Start of The data

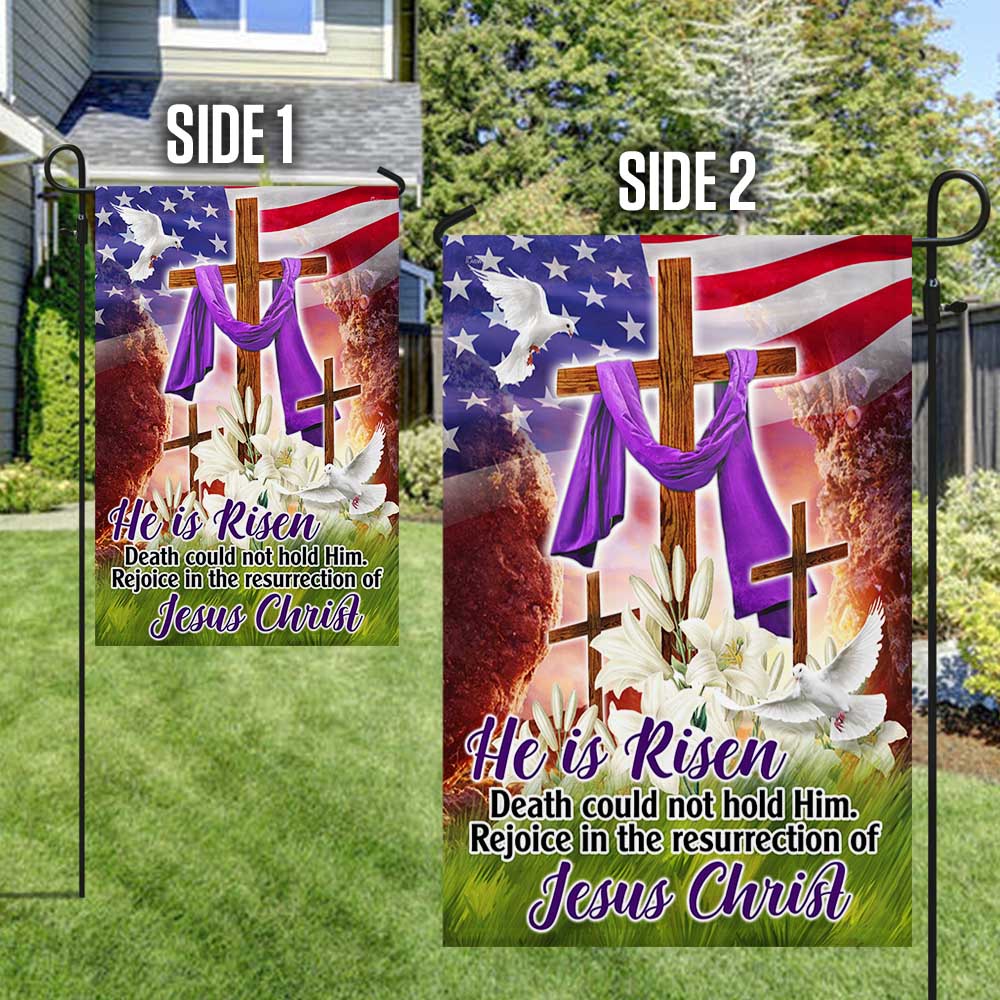 Easter Christian Flag He Is Risen Rejoice In The Resurrection Of Jesus Christ Flag
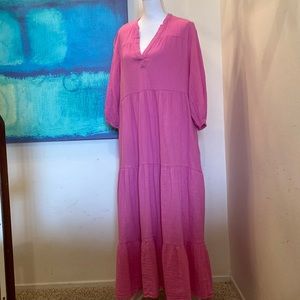 Tiered pocket maxi dress in vibrant bubblegum pink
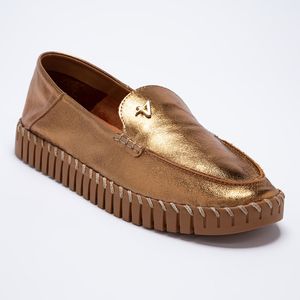 Sapato Mocassim Maleável Feminino Couro Dourado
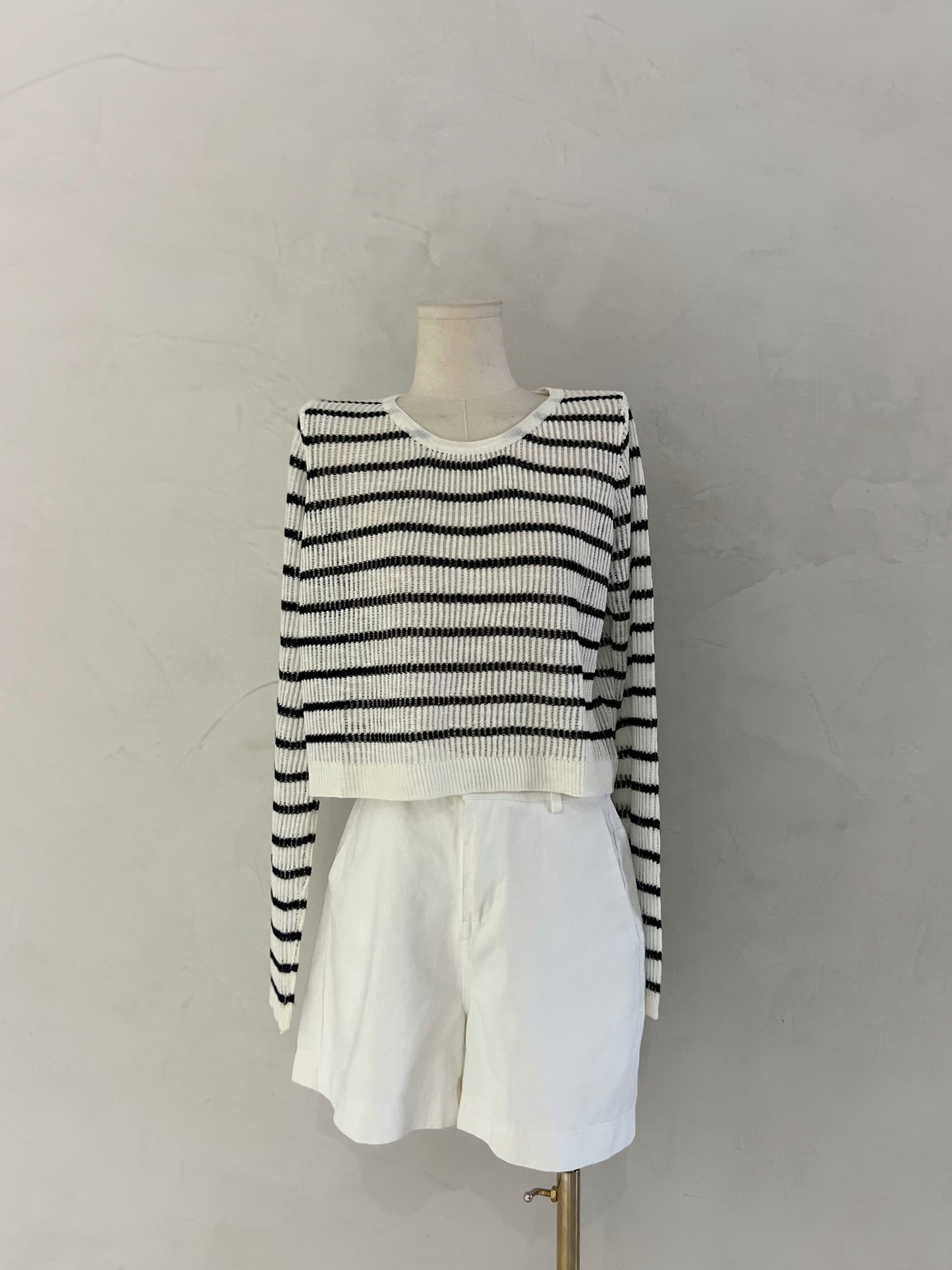 NASH Open Knit Stripes Long Sleeves Top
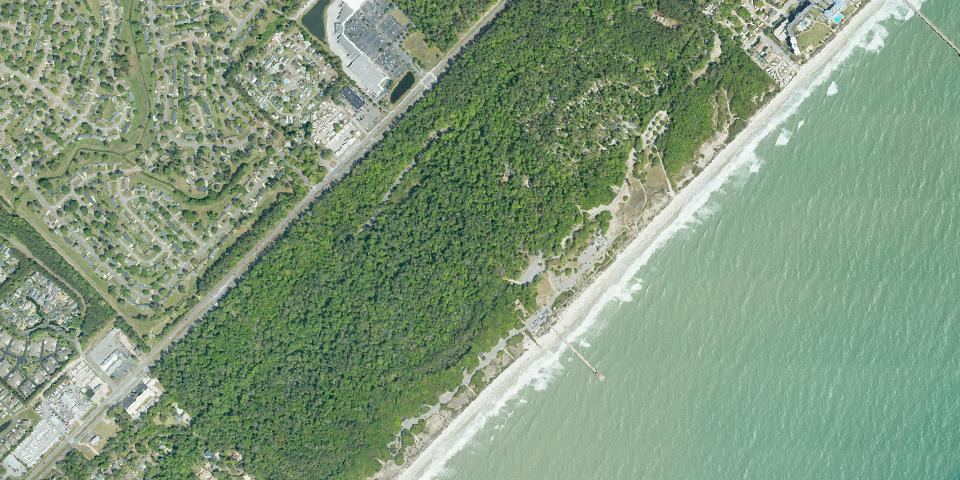 Real aerial photograph at Myrtle Beach State Park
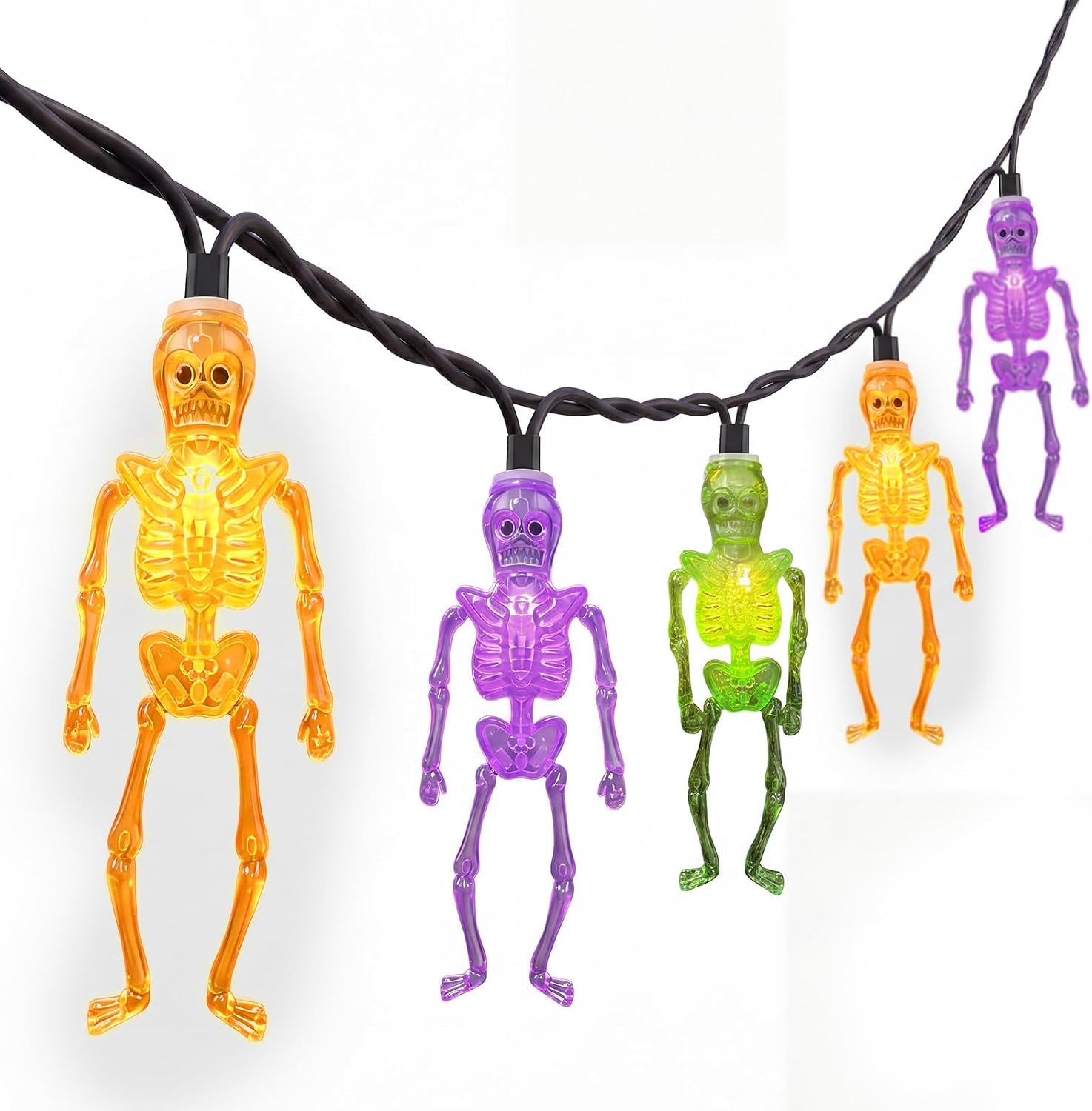 8.5FT 10 LED Outdoor Halloween Skeleton String Lights Plug In, Waterproof | Connectable, Hanging Multicolor Halloween Skull Lights UL Listed for Indoor Backyard, Patio, Porch, Party Decor, Black Wire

End of The data

## What you are asked to do
Restate exactly, and only, the lines from the one that holds "NASH Open Knit Stripes Long Sleeves Top" down to the last line of the material above. Omit the pictures.

## Task answer
 NASH Open Knit Stripes Long Sleeves Top
 Real aerial photograph at Myrtle Beach State Park
 8.5FT 10 LED Outdoor Halloween Skeleton String Lights Plug In, Waterproof | Connectable, Hanging Multicolor Halloween Skull Lights UL Listed for Indoor Backyard, Patio, Porch, Party Decor, Black Wire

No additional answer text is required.